#### Records provided
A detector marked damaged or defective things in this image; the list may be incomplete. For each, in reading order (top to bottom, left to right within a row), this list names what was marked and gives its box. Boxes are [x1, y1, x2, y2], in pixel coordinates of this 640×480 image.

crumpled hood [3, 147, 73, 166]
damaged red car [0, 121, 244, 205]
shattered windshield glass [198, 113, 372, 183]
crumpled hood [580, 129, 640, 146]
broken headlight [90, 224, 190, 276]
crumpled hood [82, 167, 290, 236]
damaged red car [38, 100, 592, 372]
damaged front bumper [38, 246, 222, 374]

#### Work item
Go through the data and return every record exactly.

#### Response box
A detector marked damaged or defective things in this image; the list may be incomplete. For each, in reading order (top to bottom, left to right within a row), this list names what was marked and gives its box. Boxes are [x1, y1, x2, y2], in pixel coordinates of this 640×480 image.

crumpled hood [3, 147, 73, 166]
damaged red car [0, 121, 244, 205]
shattered windshield glass [198, 113, 372, 183]
crumpled hood [580, 129, 640, 146]
broken headlight [90, 224, 190, 276]
crumpled hood [82, 167, 290, 236]
damaged red car [38, 100, 592, 372]
damaged front bumper [38, 246, 222, 374]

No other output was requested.